One Internet user posted about their fondness for McMansions earlier this week in a City-Data.com forum:
I just love them.
The exception is if it’s a historic area/themed area, that I consider a bad thing.
I think it’s so cool when you’re driving around a plain jane area and then this gigantic flashy fancy suburban house pops out of knowhere and makes you look at it. I think it’s amazing when you as one homeowner can add so much niceness to a block.
If I become rich one day then I want to one day live in a McMansion in an average area. Most wealthy [suburban] areas have huge lots with very little tight-knitness & interaction; those type of areas are not my cup of tea.

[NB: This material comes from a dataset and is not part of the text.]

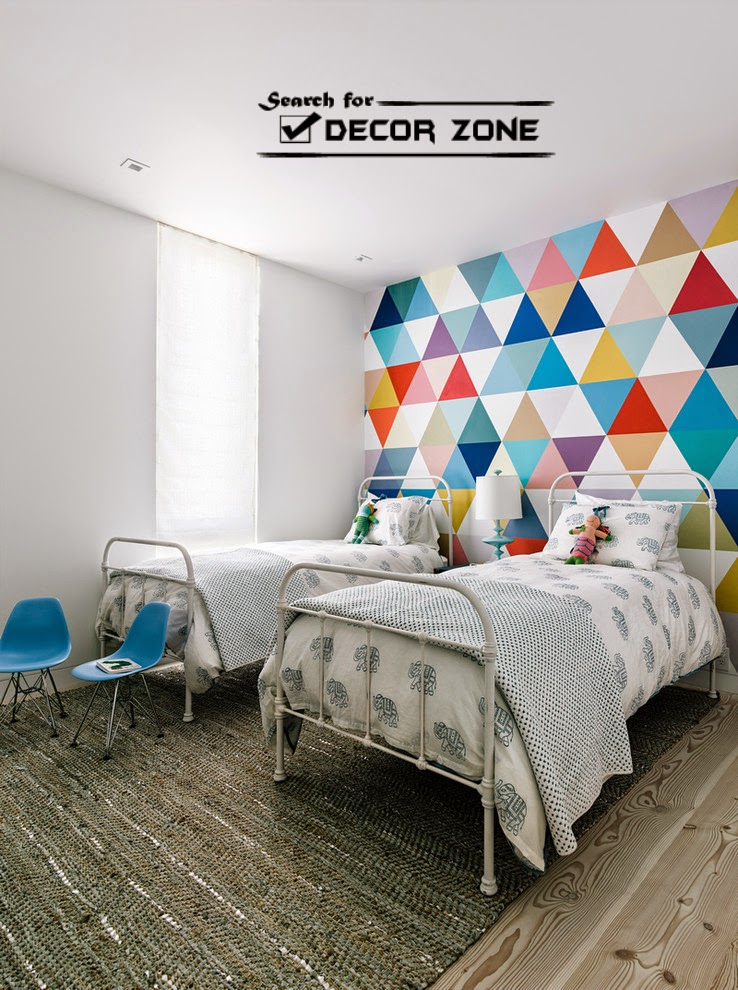 Gambar Dinding Kamar Bentuk Geometris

I can’t tell if sarcasm is involved here or not but regardless, this is an uncommon statement. Some of the features that critics dislike, such as the size, gaudiness, and the wealth that is implied, are the very thing this poster likes. One might be able to praise larger houses or defend the need for more space but to publicly express that you like McMansions? The term itself has been given so many negative connotations in the last 13 years or so that it makes a statement of liking a rarity.
At the same time, this person also suggests two things they don’t like about McMansions:
1. McMansions in older, historic neighborhoods. This is one dimension of McMansions that is sometimes forgotten since such homes are often tied to suburban sprawl; teardowns can also be considered McMansions. I’m not sure exactly what it means to have a McMansion in an “average area” as this seems like it could be a teardown situation.
2. Neighborhoods of McMansions on big lots where neighbors don’t know each other. This is the opposite of an older neighborhood and is tied to ideas about McMansions being for wealthy people in sprawling areas.
Perhaps this post just reinforces the negative ideas about McMansions: even when defending the homes, the poster has to also say they don’t like all McMansions or all of their traits.